This is a reprint of an article originally published in 2015

So, demand side flexibility (DSF) is basically making the demand side of energy (i.e. consumers) flexible to changes in output. This is becoming particularly relevant as we in Europe move increasingly away from baseload power supply toward intermittent energy sources such as wind and solar.

Flexibility in power generation is important in cases such as Germany, where power generation is not consistent, despite being at the centre of the European power network (with a large number of interconnectors).

Whilst it is important to have flexibility on the supply side, with options such as gas power generation, pumped storage, and so on, there are big gains to be made by making the demand for electricity more flexible.

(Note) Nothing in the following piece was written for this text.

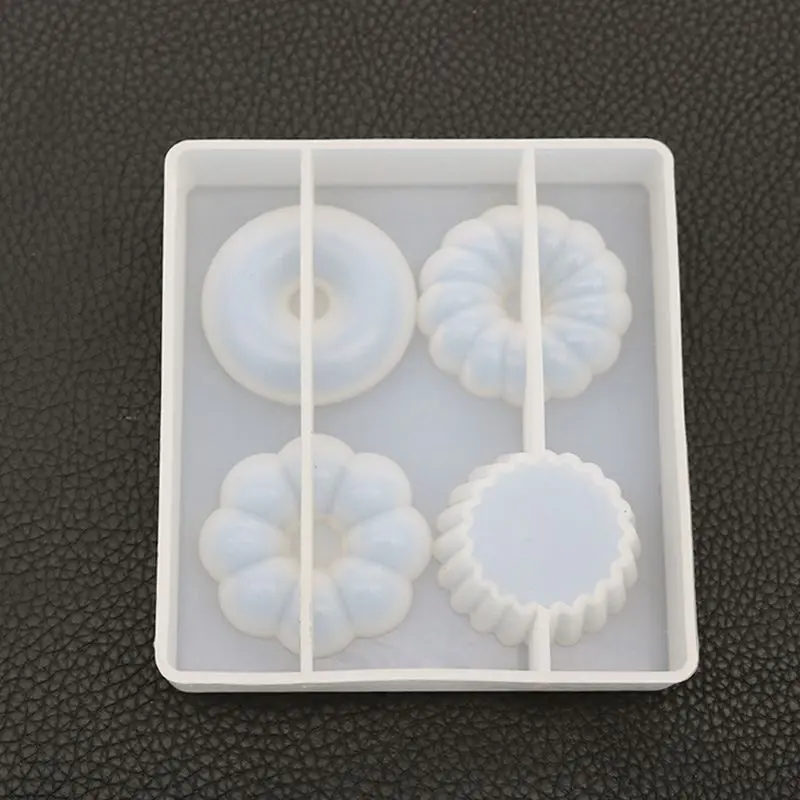 

Cake Flower Leaves Pendant Mold UV Resin Silicone Mold Jewelry Making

There are basically two ways of doing DSF, with some overlap.

Implicit DSF is passive flexibility on the demand side, this can simply be users responding to higher tariffs at certain points of peak demand. Explicit DSF is where consumers respond explicitly to signals from power producers – this is often called demand side response (DSR) and is more common with large consumers such as industry.

DSF can take the form of simple demand change (where a consumer changes their usage), time-shifting demand (when a user changes peak consumption to a time of low consumption for others), embedded generation, fuel substitution, or efficiency schemes.

For a system operator, DSF can:

  • Increase reliability and efficiency of the network.
  • Balance their supply of power and demand for it in a cost-effective way.
  • Deliver flexibility at peak times.
  • Reduce overall energy use and difference between typical peak and normal demand.
  • Make intermittent power generation more viable and increase the prospect of decarbonisation.

DSF can be implemented alongside electricity storage, interconnections with other networks, and higher flexibility power generation.